Questionado se ele esperava uma arrecadação total maior que o patamar de 75%, devido à eventual concorrência por blocos nos leilões de sexta-feira, o que elevaria o número do percentual de óleo lucro oferecido à União, Oddone respondeu positivamente. “Acreditamos que vai ter oferta para todas as áreas e que vai ter disputa nas principais áreas do pré-sal”, disse o diretor do órgão regulador.

Oddone explicou que, com relação aos blocos regulados pelo regime de concessão, o percentual de arrecadação total pelo governo é pouco superior a 60%.

Perguntado sobre estudo elaborado pela consultoria da Câmara dos Deputados, que teria indicado que o potencial de arrecadação com os dois leilões seria desfavorável, devido a um preço baixo exigido pelas áreas do pré-sal, Oddone respondeu que “quem vai dizer se está barata, ou não, é a indústria”.

Na mesma linha, o secretário de Petróleo, Gás Natural e Combustíveis Renováveis do ministério de Minas e Energia, Márcio Félix, disse considerar prematura a avaliação do estudo feito pela Câmara. Frisando não ter lido o documento, ele observou que os valores propostos nos editais dos leilões passaram pelo crivo de vários órgãos do governo e que o valor exato das áreas, “se foi caro ou barato”, será conhecido na sexta-feira, depois do leilão.

“É muito difícil prever”, disse Félix, acrescentando que a questão passa pela discussão regulatória sobre o melhor modelo de venda, partilha de produção ou concessão. Ele, no entanto, afirmou que a lei estabelece que as áreas do pré-sal precisam ser oferecidas sob o regime de partilha da produção e que para mudar isso, é preciso uma mudança na lei.

O secretário do MME acrescentou que o valor dos bônus oferecidos pelos blocos vendidos na 14ª Rodada de Licitações da ANP, em setembro, e nas duas rodadas do pré-sal, na sexta-feira, servirão para calibrar os bônus que serão estipulados para os leilões de 2018.

As áreas que serão oferecidas nos leilões da ANP previstos para o próximo ano serão definidos pelo Conselho Nacional de Política Energética (CNPE) em reunião extraordinária prevista para a primeira quinzena de novembro.

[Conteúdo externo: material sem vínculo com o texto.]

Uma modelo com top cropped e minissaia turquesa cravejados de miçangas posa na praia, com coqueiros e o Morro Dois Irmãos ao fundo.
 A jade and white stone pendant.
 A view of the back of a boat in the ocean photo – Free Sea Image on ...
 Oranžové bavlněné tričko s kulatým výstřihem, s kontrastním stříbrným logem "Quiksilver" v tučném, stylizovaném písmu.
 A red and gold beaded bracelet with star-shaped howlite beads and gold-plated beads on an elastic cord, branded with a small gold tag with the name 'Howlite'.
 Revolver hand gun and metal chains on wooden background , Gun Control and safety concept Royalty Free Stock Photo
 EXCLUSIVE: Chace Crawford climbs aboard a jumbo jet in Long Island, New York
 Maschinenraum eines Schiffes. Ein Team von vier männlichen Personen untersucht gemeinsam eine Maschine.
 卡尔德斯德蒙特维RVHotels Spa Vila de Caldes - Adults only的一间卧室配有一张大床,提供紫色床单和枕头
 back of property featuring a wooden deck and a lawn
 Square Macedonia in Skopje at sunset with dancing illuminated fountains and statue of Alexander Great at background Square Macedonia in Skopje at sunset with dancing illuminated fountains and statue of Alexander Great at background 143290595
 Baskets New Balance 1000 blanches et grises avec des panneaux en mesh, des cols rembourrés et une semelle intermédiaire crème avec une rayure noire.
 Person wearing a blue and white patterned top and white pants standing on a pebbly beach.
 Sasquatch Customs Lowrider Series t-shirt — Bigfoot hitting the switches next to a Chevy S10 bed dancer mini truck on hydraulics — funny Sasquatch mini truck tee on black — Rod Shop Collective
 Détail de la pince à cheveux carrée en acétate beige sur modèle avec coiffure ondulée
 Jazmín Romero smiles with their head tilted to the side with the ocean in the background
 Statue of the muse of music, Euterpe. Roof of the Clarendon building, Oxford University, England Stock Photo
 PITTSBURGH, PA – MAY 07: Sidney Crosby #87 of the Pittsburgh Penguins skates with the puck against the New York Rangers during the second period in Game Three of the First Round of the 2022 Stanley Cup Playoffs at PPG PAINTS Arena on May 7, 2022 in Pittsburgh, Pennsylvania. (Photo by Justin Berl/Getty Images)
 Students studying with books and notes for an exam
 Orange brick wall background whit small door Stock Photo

O governo pretende realizar em março de 2018 a 15ª Rodada da ANP, que licitará áreas sob o regime de concessão, e em junho do mesmo ano a 4ª Rodada do Pré-sal. Segundo Félix, o governo também poderá oferecer no próximo ano áreas excedentes aos 5 bilhões de barris adquiridos pela Petrobras no regime de cessão onerosa, se a negociação com a estatal for concluída até o fim deste ano.